安くて良質の労働力と生産性の向上を求めて企業が海外に進出し生産拠点を構築したグローバル化の時代は、物価の下押し圧力が働きインフレが抑制されていた。しかし、トランプ関税に対して、欧州や中国が報復関税を課せば、世界全体の貿易量が減り、「脱グローバル化」が加速する可能性がある。パンデミック後のサプライチェーン見直しに拍車をかける形で、関税の連鎖により国際的な供給網が崩れれば、じわじわとコストが上がり、世界的に物価が上昇する事態も想定される。その影響は日本にも及ぶと覚悟するべきだ。
一方で、デフレ脱却を確実にしたい日本にとっては「追い風」だと捉えることもできる。賃金と物価の好循環までもう一歩という局面にある今、関税戦争による物価上昇を逆手に取り、賃上げが止まらないよう政府が旗を振り続けることが重要だ。
インフレをめぐる
古今東西の真理
物価と賃金の正常化に伴い、金利の正常化も進んでいる。日銀は13年から続けてきた量的・質的金融緩和(異次元緩和)を停止し、昨年3月までマイナス0.1%だった政策金利は、今年1月に0.5%まで引き上げられた。1年以内には1%に到達するという見方が支配的だ。日本は今、インフレ率が2%程度、金利も2%程度という新しい経済に移行する途上にある。
30年近く「金利のない世界」を生きてきた日本人は、金利が上がることへの不安が根強い。確かに、利上げは私たちの生活を直撃する。顕著に表れるのが住宅ローンだ。変動金利でローンを組んでいた消費者は利上げにより金利負担が増加する。ただし、賃金も2%上昇したとすれば、トントンだ。一方、固定金利でローンを組んでいた消費者は、2%経済に移行しても金利負担が増えないので得をする。インフレは債務の実質的な価値を目減りさせるため、「債務者に有利」「債権者に不利」だということは、古今東西の真理だ。
そして、家計以上にインフレによる影響が大きいのは日本政府だ。政府債務は約1100兆円にのぼり、そのほとんどは、住宅ローンでいうところの固定金利だ。また、政府の歳入も好調だ。物価が上がることで消費税収が増え、賃金の上昇で所得税収も増えているからだ。一般会計税収は21年度の67兆円から25年度は77.8兆円まで増える見込みだ。
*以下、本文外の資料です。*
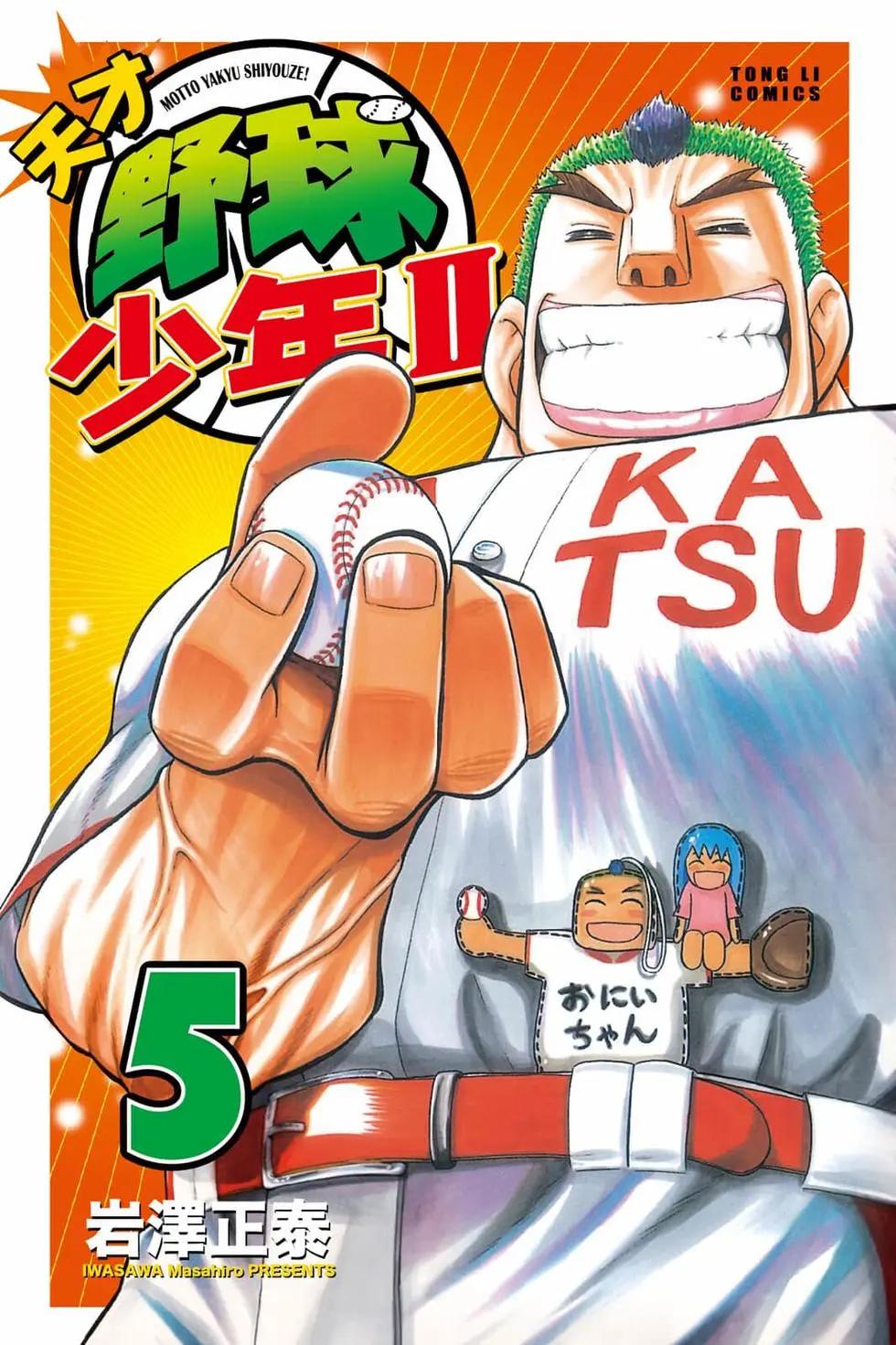 《天才野球少年II》第05卷 第1页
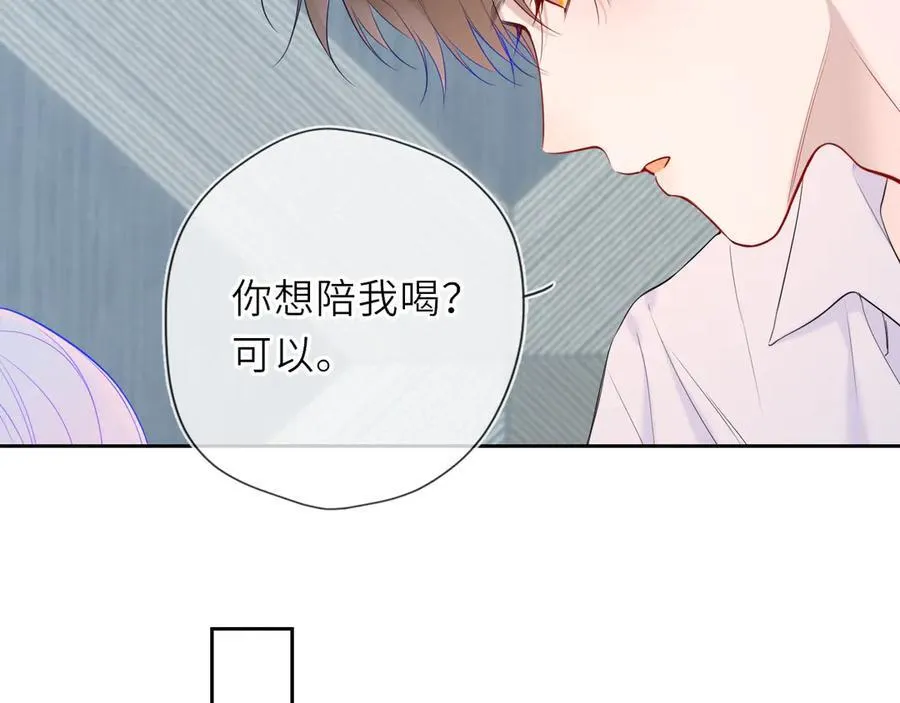 第36话 微醺，面红耳赤10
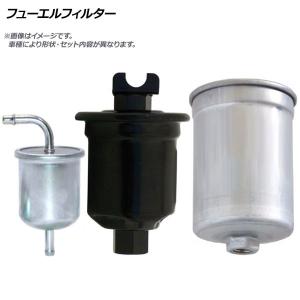 フューエルフィルター スバル サンバー EBD-TT2 EN07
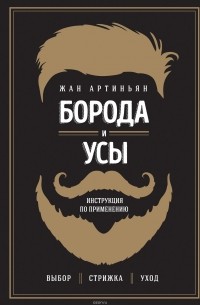 Жан Артиньян - Борода и усы. Инструкция по применению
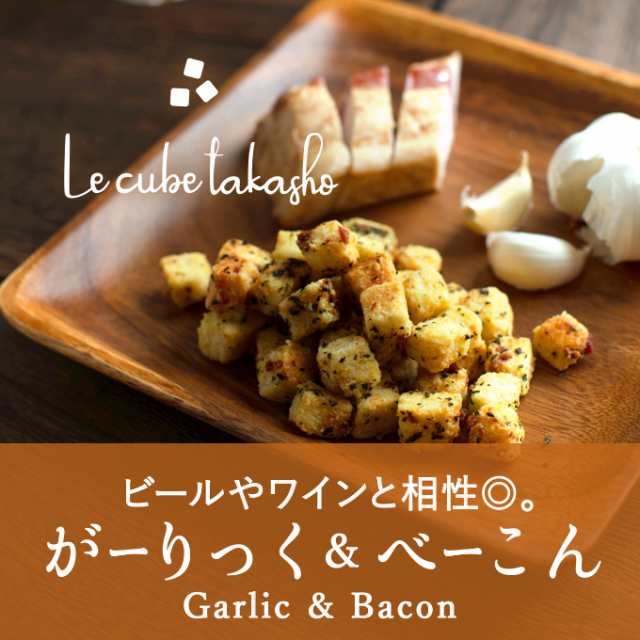 ル キューブらすく 単品販売 がーりっく べーこん ラスク スイーツ お菓子 洋菓子 おつまみ 食パン 高匠 甘くないの通販はau Pay マーケット 食パン専門店 高匠 ル キューブらすく 単品販売 がーりっく べーこん ラスク スイーツ お菓子 洋菓子 おつまみ 食パン 高匠 甘くないの通販はau Pay マーケット 食パン専門店 高匠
インフレに伴い国債の価値が実質的に目減りし、国債保有者から政府へと所得が移転する現象は「インフレ税」といわれている。筆者の試算では、インフレ率が0%の経済から2%の経済へと移行することにより、政府は9年間で180兆円のインフレ税を得ることができる。
このように話すと「利上げにより国債の利払い費が膨らみ国家財政が苦しくなる」と指摘する人もいるだろう。確かに、新規で発行する国債の利払いが増えるのは事実だ。筆者の試算はこれを考慮しており、既発の国債の価値がインフレで目減りする効果が、利払い増を凌駕することが分かっている。
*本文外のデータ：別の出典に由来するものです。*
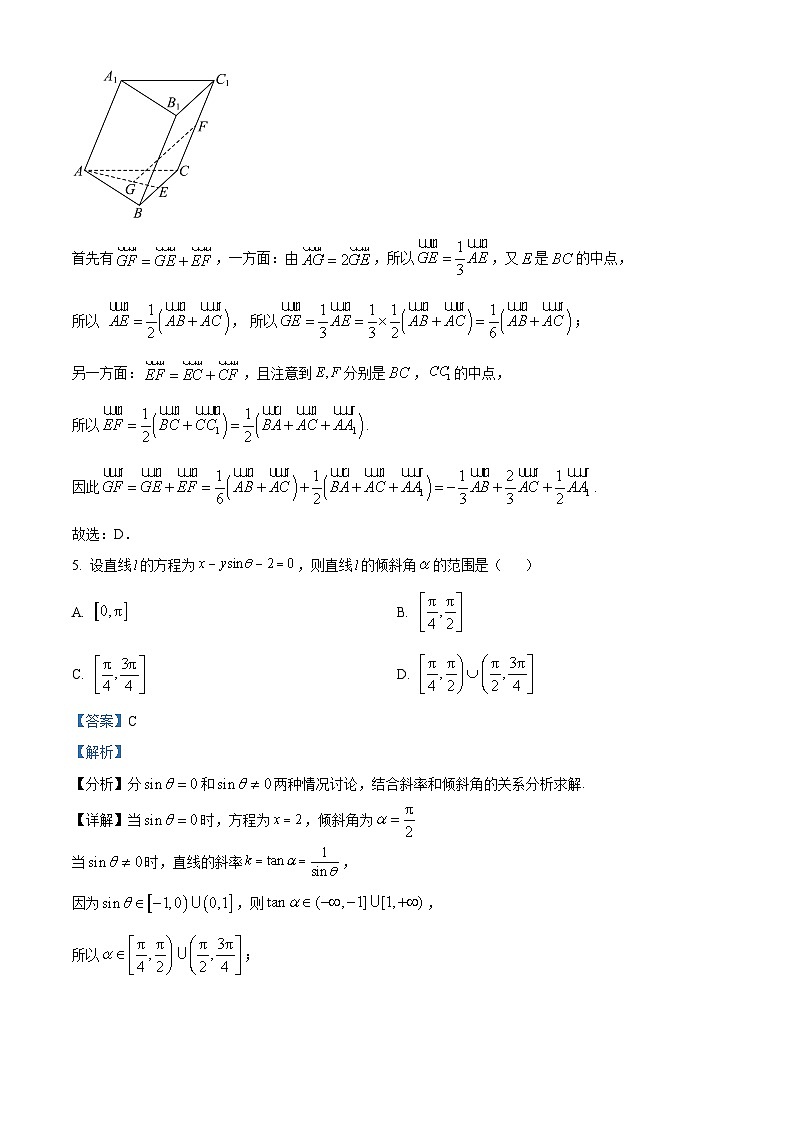重庆市云阳县云阳高级中学2023-2024学年高二上学期第二次月考数学试题（Word版附解析）03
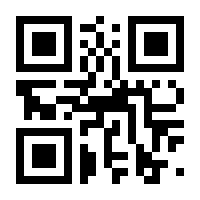 QR-Code zur Seite https://www.isbn.de/9783322007193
とはいえ、180兆円全てが政府の〝儲け〟になるという理解は適切ではない。日本政府の国債の約半分を保有する日銀は90兆円の損失を被っているからだ。仮に、政府が日銀の損失をカバーすれば、政府のネットの取り分は90兆円となる。
この政府の手元に残る90兆円をどのように使うかが重要だ。
前述の通り、政府には約1100兆円の債務があるため、大盤振る舞いはできない。しかし、2%経済への移行に失敗すれば、そもそも財政は巨額の果実を得ることができず、「捕らぬ狸の皮算用」になる。国家財政の苦しい懐事情を鑑み、180兆円を確実にものにすることを優先するべきだ。そのために、2%経済への移行の流れに乗り切れない人のために、インフレ税の一部(最大90兆円)を投入することは十分割に合う支出になるはずだ。
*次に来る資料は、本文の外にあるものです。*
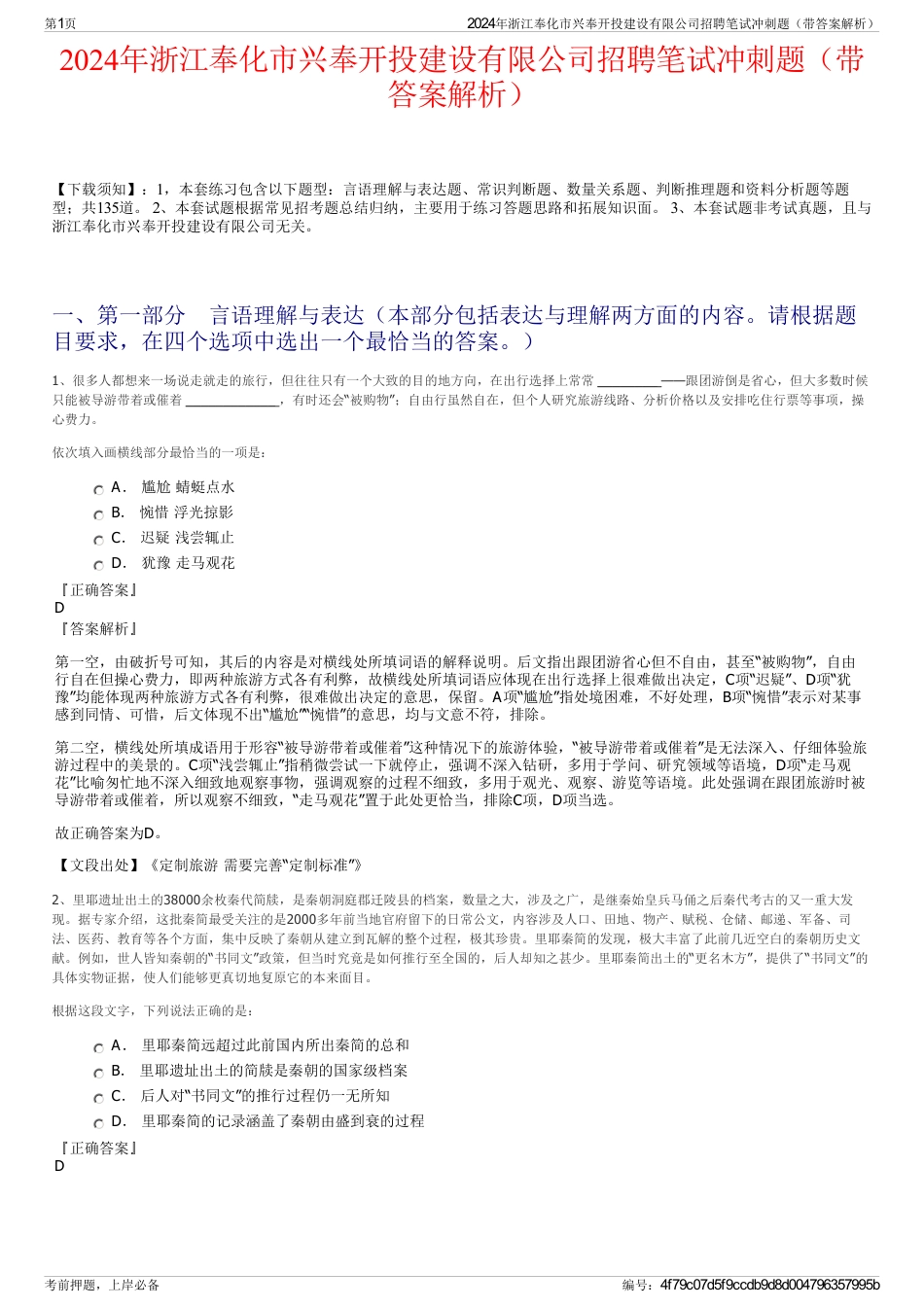 2024年浙江奉化市兴奉开投建设有限公司招聘笔试冲刺题（带答案解析）_第1页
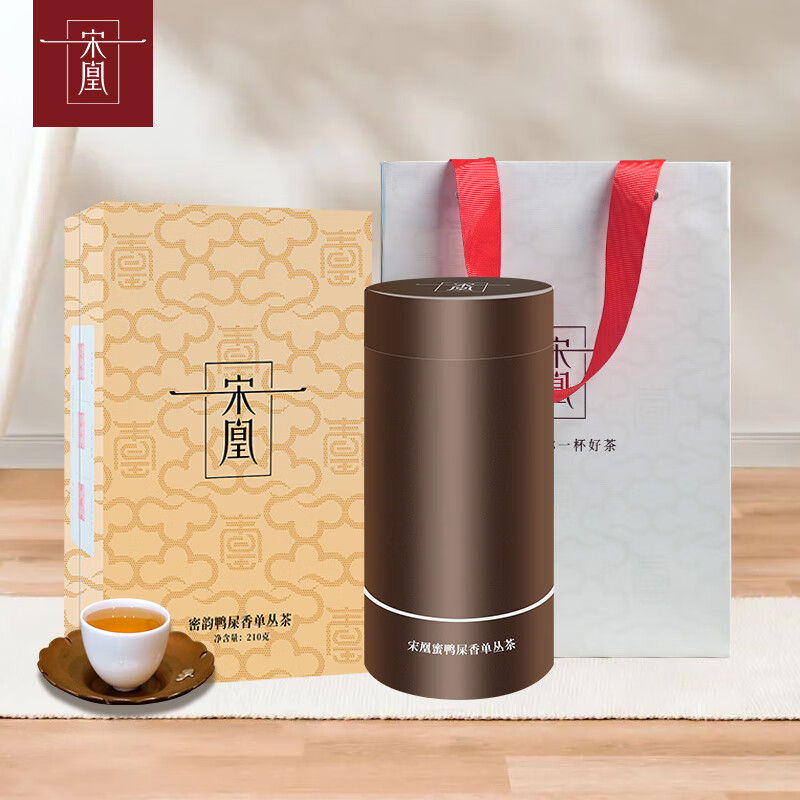 宋凰  单丛茶密韵大单罐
例えば、年金受給者の中にはインフレにより受給額が目減りして困っている人が多い。物価の上昇分に見合うように時限的に年金を増やすことも検討して良いのではないか。また、価格転嫁ができないために賃上げが進まない中小の下請け企業を対象にした、価格転嫁促進のための施策(賃上げの原資として法人税を減税するなど)を導入することも考えられる。